Hanken School of Economics (Svenska handelshögskolan, also known as Hanken) is a business school in Finland with two campuses, Helsinki and Vaasa. Founded in 1909, it is the oldest business school in Finland, and one of the oldest in the Nordic countries. Its programmes are offered in both English and Swedish.

==History==
Hanken was established in Helsinki on 1 September 1909, making it one of the oldest business schools in northern Europe, opening a month after the Stockholm School of Economics. The statutory meeting for Aktiebolaget Högre Svenska Handelsläroverket in Helsinki was held in December 1908, and only four months later the private community college under the name of Högre Svenska Handelsläroverket statutes were approved. In 1927, the school was given its current name, Svenska Handelshögskolan. The school introduced a bachelor's degree in economics in 1928, with professorships being introduced in 1934. The first doctoral dissertation took place in 1944.

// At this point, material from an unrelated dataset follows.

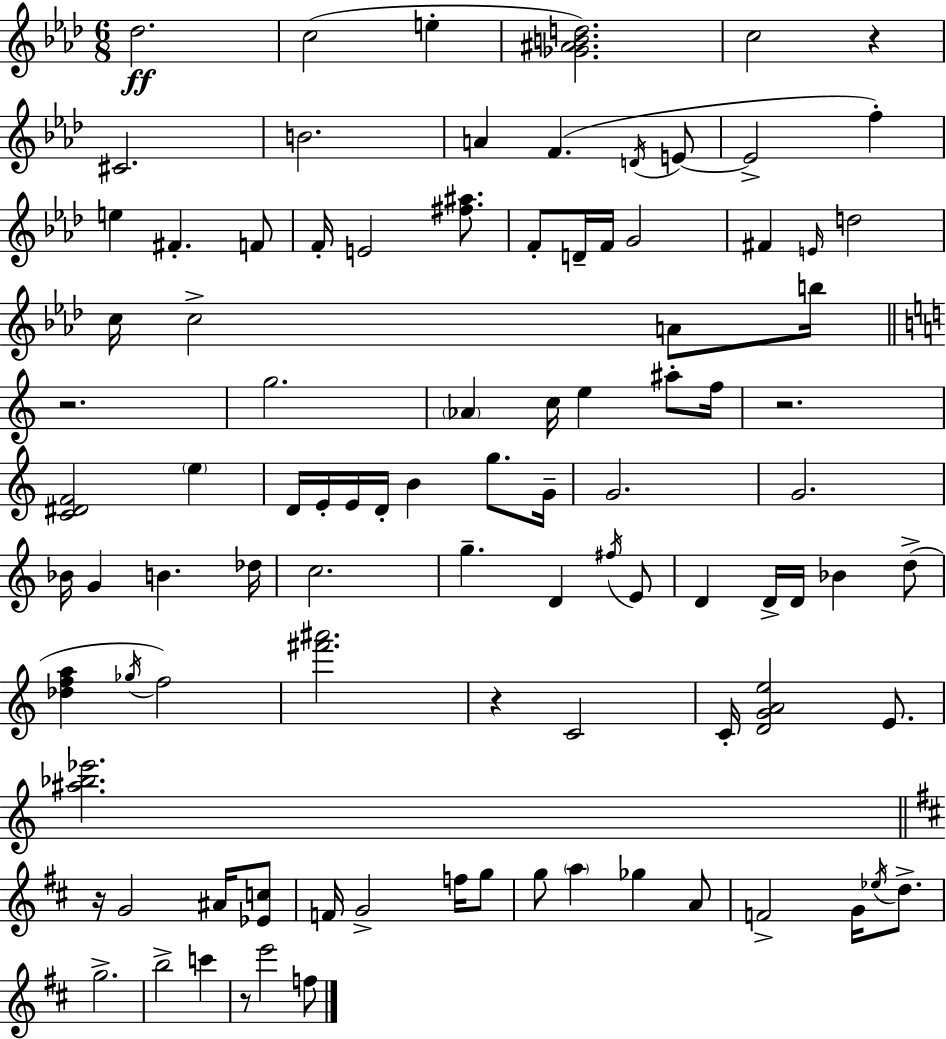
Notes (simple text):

Db5/h. C5/h E5/q [Gb4,A#4,B4,D5]/h. C5/h R/q C#4/h. B4/h. A4/q F4/q. D4/s E4/e E4/h F5/q E5/q F#4/q. F4/e F4/s E4/h [F#5,A#5]/e. F4/e D4/s F4/s G4/h F#4/q E4/s D5/h C5/s C5/h A4/e B5/s R/h. G5/h. Ab4/q C5/s E5/q A#5/e F5/s R/h. [C4,D#4,F4]/h E5/q D4/s E4/s E4/s D4/s B4/q G5/e. G4/s G4/h. G4/h. Bb4/s G4/q B4/q. Db5/s C5/h. G5/q. D4/q F#5/s E4/e D4/q D4/s D4/s Bb4/q D5/e [Db5,F5,A5]/q Gb5/s F5/h [F#6,A#6]/h. R/q C4/h C4/s [D4,G4,A4,E5]/h E4/e. [A#5,Bb5,Eb6]/h. R/s G4/h A#4/s [Eb4,C5]/e F4/s G4/h F5/s G5/e G5/e A5/q Gb5/q A4/e F4/h G4/s Eb5/s D5/e. G5/h. B5/h C6/q R/e E6/h F5/e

Hanken's campus in Vaasa was established in 1980 aiming to develop business education in Osthrobotnia, a region with a large proportion of the Swedish-speaking population in Finland. In 2018, Hanken joined the Helsinki Graduate School of Economics. An initiative to bring together three Finnish universities – Aalto University, Hanken School of Economics, and the University of Helsinki.

==Rankings and accreditations==
Hanken has received the so-called Triple Crown accreditation (assessments of quality insurance by the three largest business school accreditation organizations: AACSB, AMBA, and EQUIS). Hanken was first awarded the European Quality Improvement System accreditation (EQUIS) in 2000. The Association of MBAs accreditation (AMBA) was awarded in 2008. The Association to Advance Collegiate Schools of Business accreditation (AACSB) was awarded in 2015.

In 2024, Hanken secured the 57th position in the Financial Times Masters in Management ranking, placing among the top three business schools in the Nordics.

Hanken is a member and signatory of the Principles for Responsible Management Education (PRME) initiative, an initiative between the United Nations (UN) and business schools. Hanken is also a signatory of the San Francisco Declaration on Research Assessment (DORA), an initiative proposing a holistic assessment of scientist's contributions.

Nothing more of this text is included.